● PROBLEM REQUIREMENTS
Task for the records below: copy exactly, and only, the line containing "Close-up of dried" and every line after it to the end, with pictures left out.

___ PROVIDED RECORDS

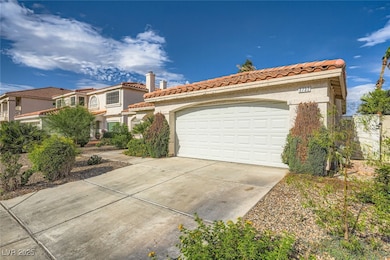 Mediterranean / spanish house featuring a tile roo
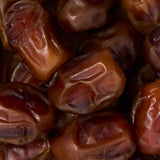 Close-up of dried zamli dates with a brown background healthy snacking UK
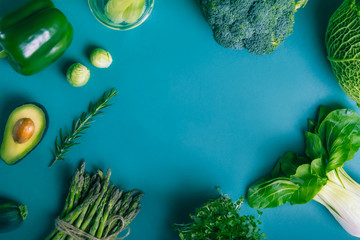 Top view healthy raw vegetables frame with copy space on the blue Turquoise background. Vegetarian and vegan diet. Veganism concept. Sustainable lifestyle, good, real plant-based foods.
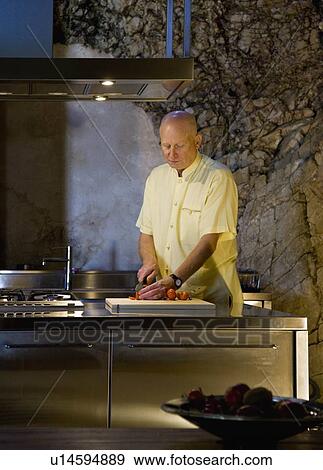 Stock Photo - Man making a meal. Fotosearch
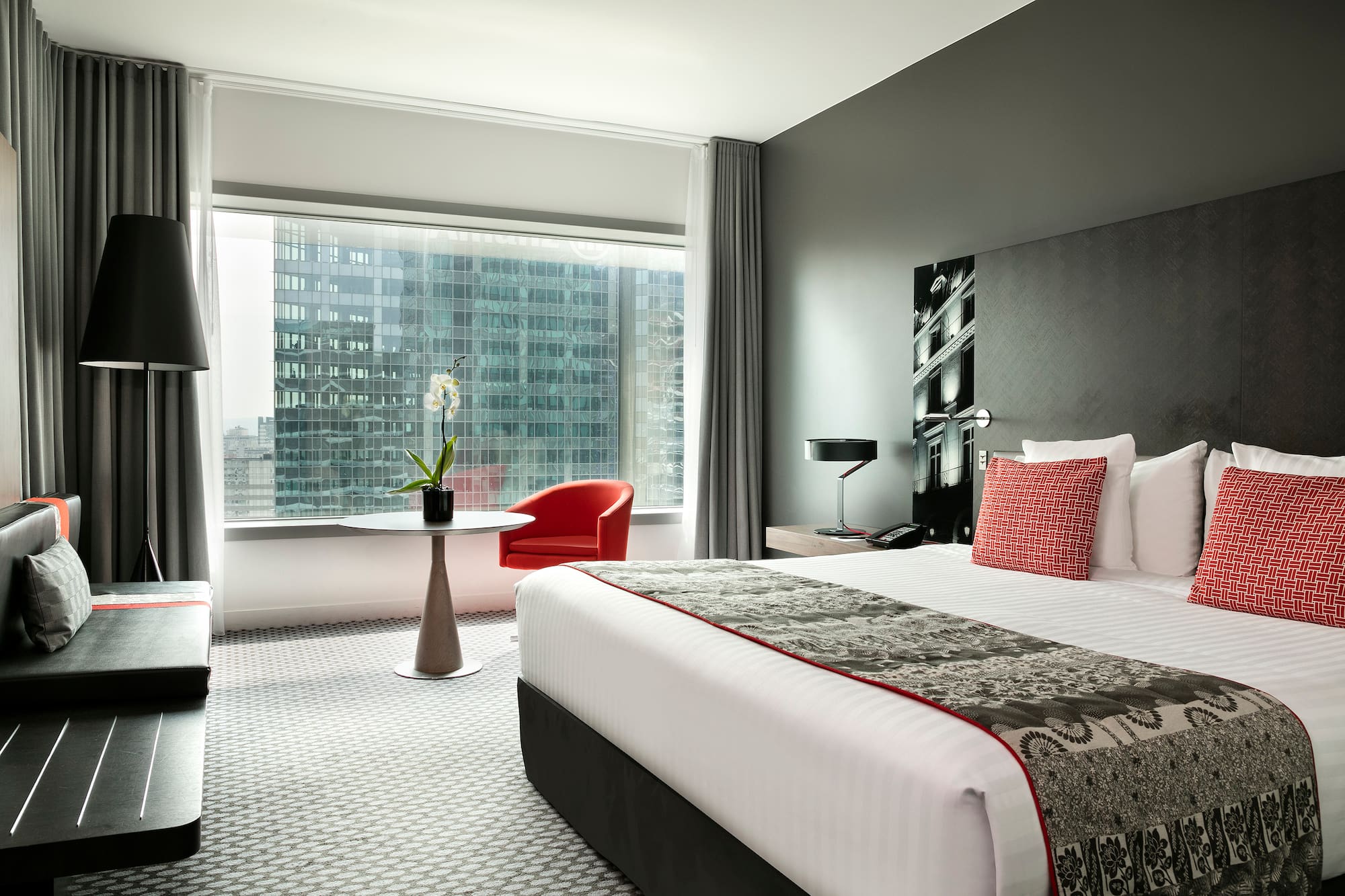 a bedroom with a large window and a bed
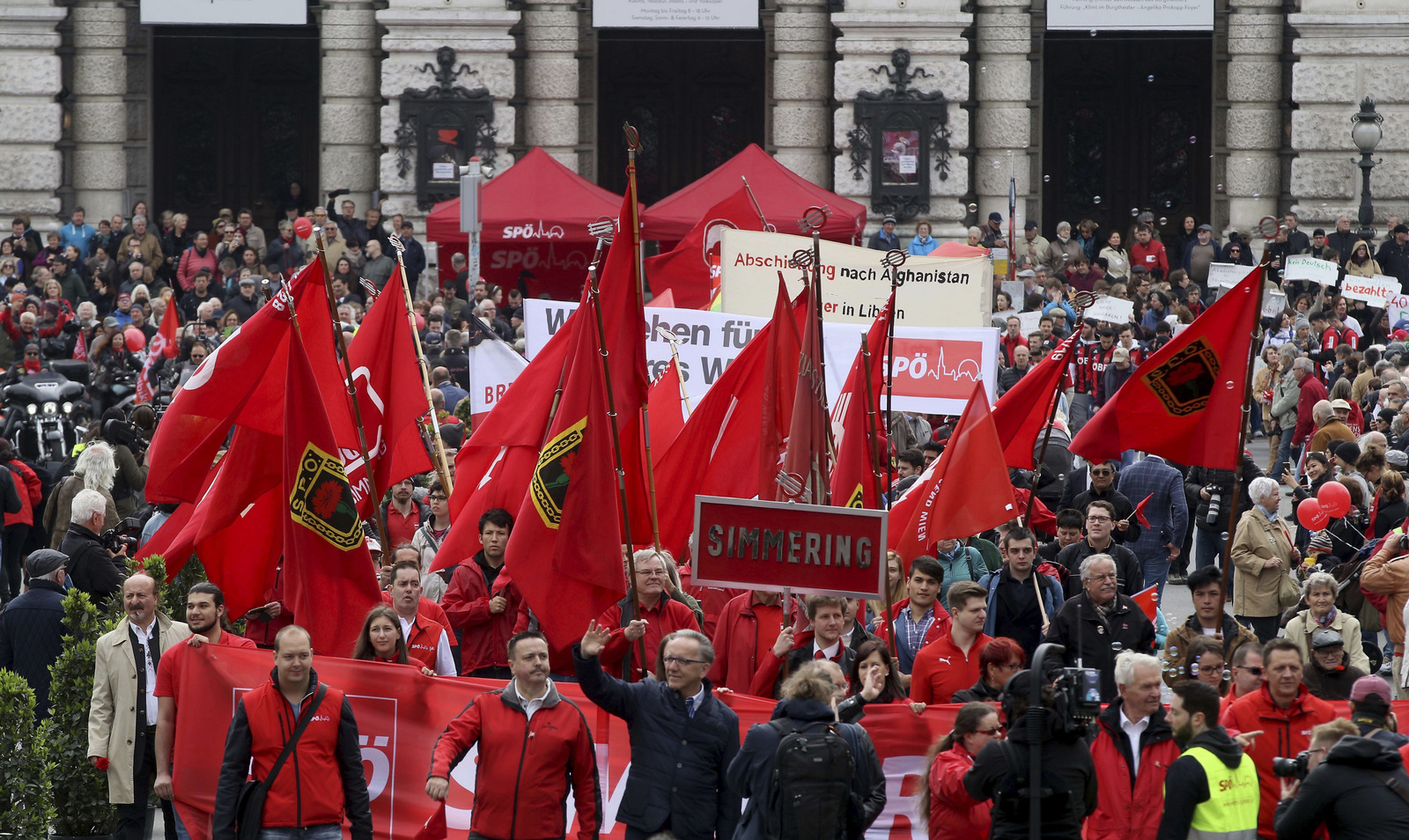 Participants of the traditional May Day celebrations, organized by the Austrian Social Democrats, SPOE, and trade unions walk with flags and banners in Vienna, Austria, Monday, May 1, 2017. 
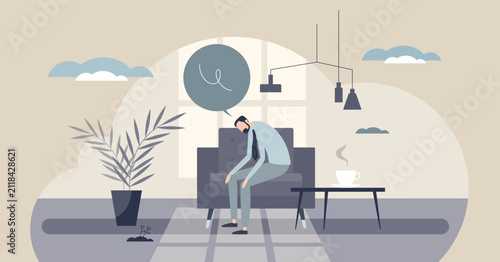 Canvas Print Languishing mood, tiny energy as a slumped man on a sofa stares past a coffee cup, symbolizing stagnation and emotional numbness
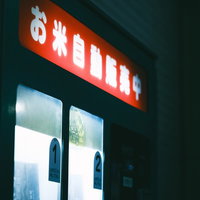 恍惚と点灯したお米自動販売機の照明と商品展示の写真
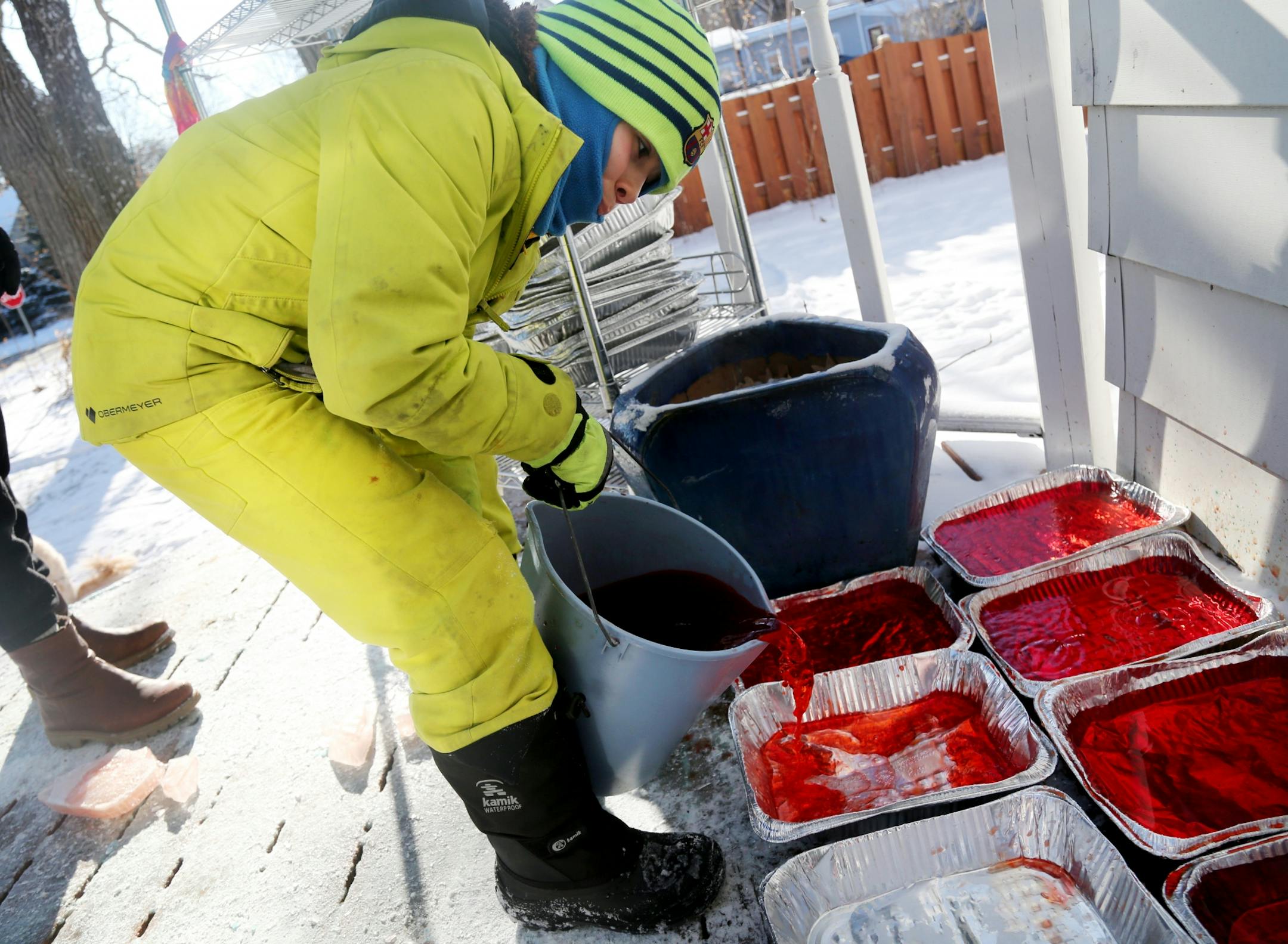 Martha Palm, her family and some former students of hers will be working on the multi-colored igloo they are building at the Palms' south Minneapolis home and seen Saturday, Dec. 30, 2017, in Minneapolis, MN. Here, a mixture of snow and water was mixed together to form the mortar to bond the ice blocks together. Arlo Zirps, 10, mixed red food color with water before pouring the water into aluminum baking trays to form the frozen igloo blocks.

______

● ANSWER BOX
 Close-up of dried zamli dates with a brown background healthy snacking UK
 Top view healthy raw vegetables frame with copy space on the blue Turquoise background. Vegetarian and vegan diet. Veganism concept. Sustainable lifestyle, good, real plant-based foods.
 Stock Photo - Man making a meal. Fotosearch
 a bedroom with a large window and a bed
 Participants of the traditional May Day celebrations, organized by the Austrian Social Democrats, SPOE, and trade unions walk with flags and banners in Vienna, Austria, Monday, May 1, 2017. 
 Canvas Print Languishing mood, tiny energy as a slumped man on a sofa stares past a coffee cup, symbolizing stagnation and emotional numbness
 恍惚と点灯したお米自動販売機の照明と商品展示の写真
 Martha Palm, her family and some former students of hers will be working on the multi-colored igloo they are building at the Palms' south Minneapolis home and seen Saturday, Dec. 30, 2017, in Minneapolis, MN. Here, a mixture of snow and water was mixed together to form the mortar to bond the ice blocks together. Arlo Zirps, 10, mixed red food color with water before pouring the water into aluminum baking trays to form the frozen igloo blocks.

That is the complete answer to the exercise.